An in vitro model of central nervous system infections and regeneration: neuronal stem cells as regenerative therapies in bacterial meningitis

Bacterial meningitis is a devastating disease with high mortality rates of up to 25% leading to life-long disabilities in up to 50% of the survivors. Brain injury caused by bacterial meningitis prominently affects the cortex and hippocampus a brain region involved in learning and memory function. In experimental bacterial meningitis hippocampal injury is characterized by apoptotic cell death of neuronal stem cells and/or their progeny in the subgranular zone of the dentate gyrus, which is responsible for neurogenesis, and therefore potentially well equipped for brain repair.

Multipotency and the capacity for continuous self-renewal of embryonic stem cells make them attractive candidates for cell-replacement studies. We are systematically developing an in vitro system to study brain regeneration in bacterial meningitis.

Here we used a co-culture model of long-term hippocampal slice cultures from postnatal rats (P4–5) and embryonic stem/progenitor cells from the subventricular zone (E14–17) to evaluate the potential of transplanted cells to survive and to integrate into organotypic hippocampal slice cultures for therapeutic approaches. To this end, we grafted chemically labelled embryonic-derived stem/progenitor cells into organotypic hippocampal slices in the region of the dentate gyrus. Cells were allowed to grow in such co-culture conditions with the addition of epidermal (EGF) and basic fibroblast growth factor (bFGF). The survival and integration of grafted cells was examined on cryosections of organotypic slice cultures by using immunohistochemistry.
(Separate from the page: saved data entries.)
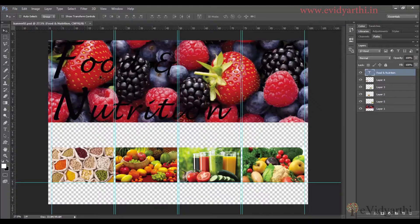Now you can see I have a visibility issue. The text has been added but its background is so loud that it is not visible. For that, we can reduce the opacity of its background.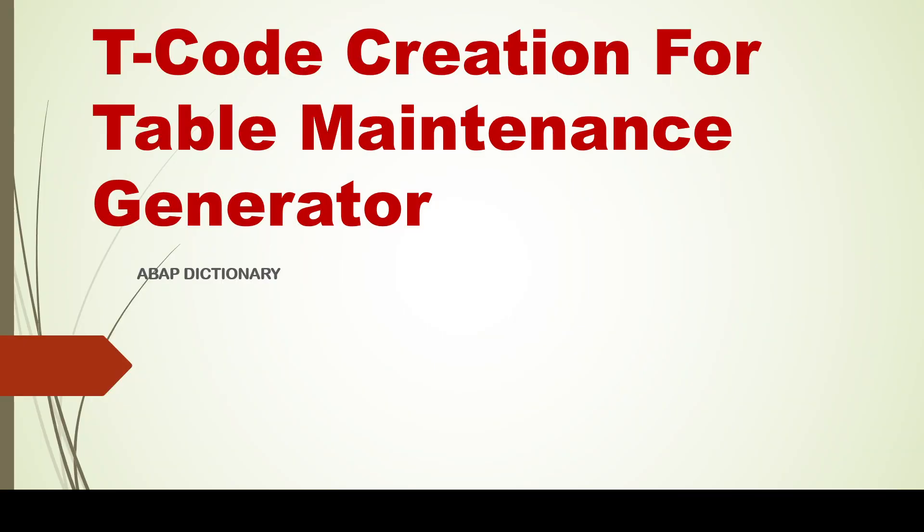Hello everyone, greetings to one and all. In today's session, we are going to cover a simple topic which deals with how to create a T-code for a table maintenance generator. In all our previous videos, we have seen how to create domain, how we create data element, how the domain is applied into the data element, how we create tables, and in tables why do we need table maintenance generator and what is the application of TMG events.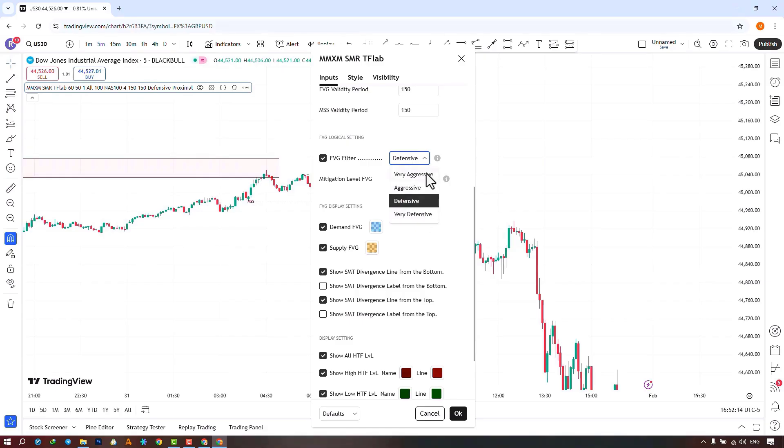If you select the very aggressive mode for identifying bullish FVGs, the maximum price of the last candle must be greater than the maximum price of the middle candle.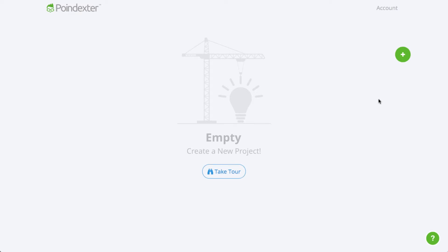In this video, we'll walk you through a quick tutorial on how to use Poindexter to create financial projections for a new business or idea.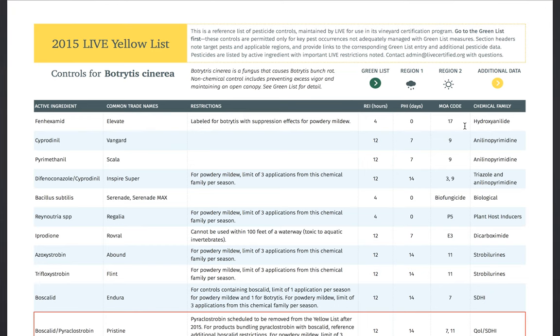There's a lot of detail on the lists, and we hope this video is helpful in understanding how they are organized and how you can use them to support your vineyard's compliance with LIVE standards.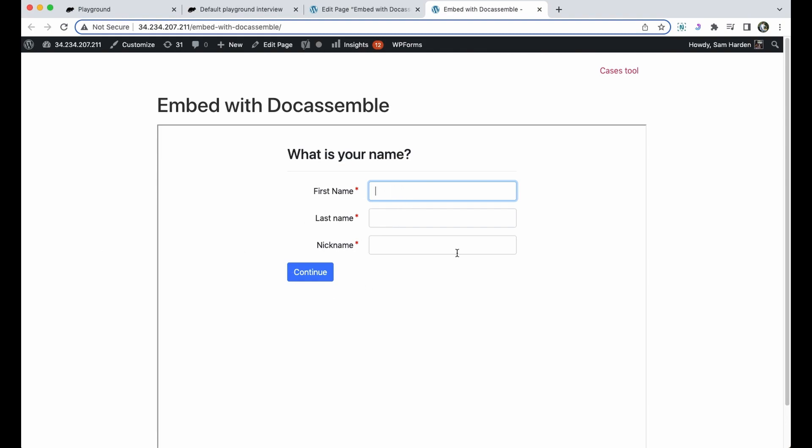If you're not sure how to create a Docassemble package and make an interview public, I recommend checking out my how to make a Docassemble package video which is available on this channel.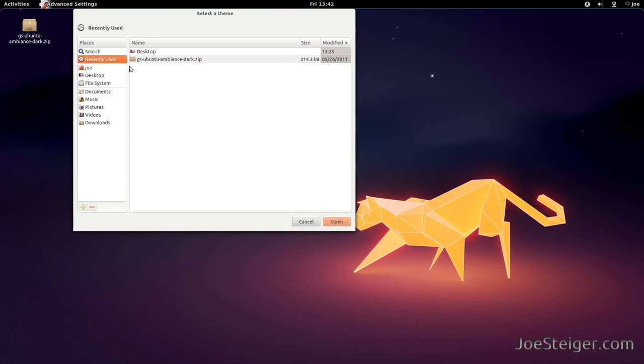I will have a link to where you can download some GNOME Shell themes in the video description. I will open the Ambience theme I downloaded.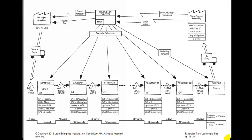The down levels are really simple — it's the cycle time for that process. Stamping: 1 second. Spot weld one: 39 seconds. Spot weld two: 46 seconds. Assembly one: 62 seconds. Assembly two: 40 seconds.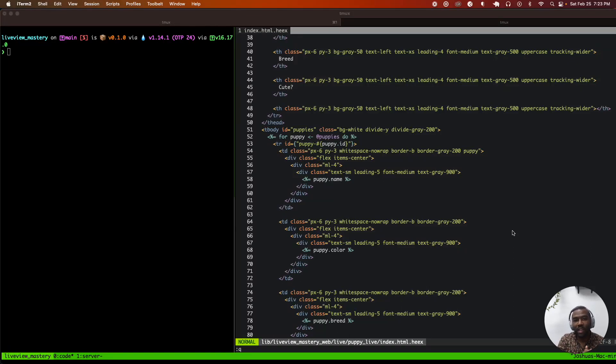Welcome to a quick edition of Live View Mastery. In this episode, we're going to be adding images to a Phoenix application.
Sections showed movement and neurite outgrowth of subventricular cells into the dentate gyrus at day 7 after engraftment. In the presence of bFGF and EGF embryonic derived stem/progenitor cells were able to differentiate and to mature into neurons.

In conclusion, we demonstrated that embryonic derived stem/progenitor cells are well suited for subsequent migration, proliferation, differentiation and integration into organotypic slice cultures in vitro and may thus hold promise for regenerative therapies in patients after bacterial meningitis.